BEGIN Data for processing

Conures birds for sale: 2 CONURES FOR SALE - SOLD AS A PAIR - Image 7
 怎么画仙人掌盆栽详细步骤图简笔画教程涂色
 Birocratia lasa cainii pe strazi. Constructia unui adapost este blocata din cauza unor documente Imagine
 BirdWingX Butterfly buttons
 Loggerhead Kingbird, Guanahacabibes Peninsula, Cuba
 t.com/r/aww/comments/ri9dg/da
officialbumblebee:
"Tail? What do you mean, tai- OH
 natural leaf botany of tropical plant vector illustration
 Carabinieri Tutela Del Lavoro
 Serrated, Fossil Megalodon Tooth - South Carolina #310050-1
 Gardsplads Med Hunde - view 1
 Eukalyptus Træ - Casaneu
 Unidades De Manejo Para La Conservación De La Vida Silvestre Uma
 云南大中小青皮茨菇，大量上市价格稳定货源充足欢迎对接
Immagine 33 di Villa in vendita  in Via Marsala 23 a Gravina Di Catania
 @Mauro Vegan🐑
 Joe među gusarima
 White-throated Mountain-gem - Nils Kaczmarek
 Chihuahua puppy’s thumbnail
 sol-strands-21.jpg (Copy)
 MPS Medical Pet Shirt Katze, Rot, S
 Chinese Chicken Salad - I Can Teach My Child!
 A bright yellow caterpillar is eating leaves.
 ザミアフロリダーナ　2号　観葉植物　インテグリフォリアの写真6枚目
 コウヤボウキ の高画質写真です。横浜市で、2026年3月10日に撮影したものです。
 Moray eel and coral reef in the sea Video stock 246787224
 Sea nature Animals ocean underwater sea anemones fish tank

END Data for processing

Problem description
Transcribe, with no changes, the listing above from its first line through the line with "White-throated Mountain-gem - Nils Kaczmarek", including that line, and stop once it is done.

Answer box
Conures birds for sale: 2 CONURES FOR SALE - SOLD AS A PAIR - Image 7
 怎么画仙人掌盆栽详细步骤图简笔画教程涂色
 Birocratia lasa cainii pe strazi. Constructia unui adapost este blocata din cauza unor documente Imagine
 BirdWingX Butterfly buttons
 Loggerhead Kingbird, Guanahacabibes Peninsula, Cuba
 t.com/r/aww/comments/ri9dg/da
officialbumblebee:
"Tail? What do you mean, tai- OH
 natural leaf botany of tropical plant vector illustration
 Carabinieri Tutela Del Lavoro
 Serrated, Fossil Megalodon Tooth - South Carolina #310050-1
 Gardsplads Med Hunde - view 1
 Eukalyptus Træ - Casaneu
 Unidades De Manejo Para La Conservación De La Vida Silvestre Uma
 云南大中小青皮茨菇，大量上市价格稳定货源充足欢迎对接
Immagine 33 di Villa in vendita  in Via Marsala 23 a Gravina Di Catania
 @Mauro Vegan🐑
 Joe među gusarima
 White-throated Mountain-gem - Nils Kaczmarek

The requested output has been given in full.